The civilian officers will be uniformed in khaki with lime green vests. They'll drive marked vehicles, mostly scooters, a few vans and two lift bucket trucks to assist with fixing broken traffic signals. HPD Lt. Jeff Rosenthal says the team will work directly with the Public Works department and will report to HPD.

"And these people will be trained through the Houston Police Academy on traffic direction, their legal authority and how to expedite the flow of traffic and recognize traffic engineering issues in cooperation with public works and engineering department on how to recognize when there are issues that need addressing -- signal light timing, sequencing and such."
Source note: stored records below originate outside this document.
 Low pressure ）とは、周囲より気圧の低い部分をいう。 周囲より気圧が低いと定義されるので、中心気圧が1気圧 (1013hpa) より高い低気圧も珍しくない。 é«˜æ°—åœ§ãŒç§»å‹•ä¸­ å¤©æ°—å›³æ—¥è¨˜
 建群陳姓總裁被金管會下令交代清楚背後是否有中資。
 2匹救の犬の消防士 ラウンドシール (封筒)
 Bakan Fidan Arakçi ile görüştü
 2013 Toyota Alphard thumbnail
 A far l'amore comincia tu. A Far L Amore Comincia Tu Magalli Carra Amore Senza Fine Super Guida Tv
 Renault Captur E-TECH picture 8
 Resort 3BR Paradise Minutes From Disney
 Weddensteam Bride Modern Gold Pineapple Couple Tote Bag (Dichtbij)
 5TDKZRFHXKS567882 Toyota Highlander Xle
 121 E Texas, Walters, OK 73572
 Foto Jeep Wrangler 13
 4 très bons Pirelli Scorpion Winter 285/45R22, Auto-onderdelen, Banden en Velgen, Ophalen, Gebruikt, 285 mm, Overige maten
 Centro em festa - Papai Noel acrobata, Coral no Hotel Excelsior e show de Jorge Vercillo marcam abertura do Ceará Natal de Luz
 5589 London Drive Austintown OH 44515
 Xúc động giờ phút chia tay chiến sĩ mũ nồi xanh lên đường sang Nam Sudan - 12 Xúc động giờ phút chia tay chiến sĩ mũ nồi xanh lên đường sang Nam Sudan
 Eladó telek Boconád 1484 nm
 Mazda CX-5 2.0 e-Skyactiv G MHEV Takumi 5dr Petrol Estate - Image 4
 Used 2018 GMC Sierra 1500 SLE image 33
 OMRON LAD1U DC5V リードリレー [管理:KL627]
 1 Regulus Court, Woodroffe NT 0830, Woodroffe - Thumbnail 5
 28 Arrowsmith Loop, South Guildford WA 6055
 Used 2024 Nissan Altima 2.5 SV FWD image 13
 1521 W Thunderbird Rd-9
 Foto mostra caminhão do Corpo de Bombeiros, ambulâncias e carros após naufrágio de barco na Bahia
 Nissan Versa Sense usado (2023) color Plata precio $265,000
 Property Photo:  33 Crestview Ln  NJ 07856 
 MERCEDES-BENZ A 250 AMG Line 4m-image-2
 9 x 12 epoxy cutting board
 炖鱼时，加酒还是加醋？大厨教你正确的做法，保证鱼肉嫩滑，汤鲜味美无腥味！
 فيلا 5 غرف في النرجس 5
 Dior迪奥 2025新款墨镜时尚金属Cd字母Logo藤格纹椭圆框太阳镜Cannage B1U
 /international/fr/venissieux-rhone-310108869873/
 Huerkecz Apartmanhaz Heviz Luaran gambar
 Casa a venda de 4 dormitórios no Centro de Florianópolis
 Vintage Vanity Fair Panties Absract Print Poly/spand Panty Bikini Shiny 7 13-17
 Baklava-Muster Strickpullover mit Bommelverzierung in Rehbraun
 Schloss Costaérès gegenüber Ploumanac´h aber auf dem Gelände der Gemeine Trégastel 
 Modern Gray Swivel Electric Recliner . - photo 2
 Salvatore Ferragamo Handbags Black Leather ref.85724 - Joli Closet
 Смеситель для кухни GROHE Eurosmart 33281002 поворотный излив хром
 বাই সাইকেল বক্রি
The officers will have the legal authority to direct and control traffic as well as enforce city parking regulations. They can assist at the scene of minor accidents, where no injuries are reported, but they won't be able to issue citations, tow vehicles or conduct accident investigations. Rosenthal says the team will be dispatched throughout the city between 5 a.m. and 9 p.m. Monday through Friday, with the goal that commuters notice a visible difference in traffic congestion.

"Hopefully they will see traffic moving where signal lights are out as opposed to being frustrated and stuck and waiting. Hopefully there will be someone out there actually able to physically direct the traffic and expedite that flow."

The Mobility Response Team, including officers, engineers, equipment and supplies will have a budget of approximately $1.8 million per year. The team won't be operational until July 1st. Laurie Johnson, Houston Public Radio News.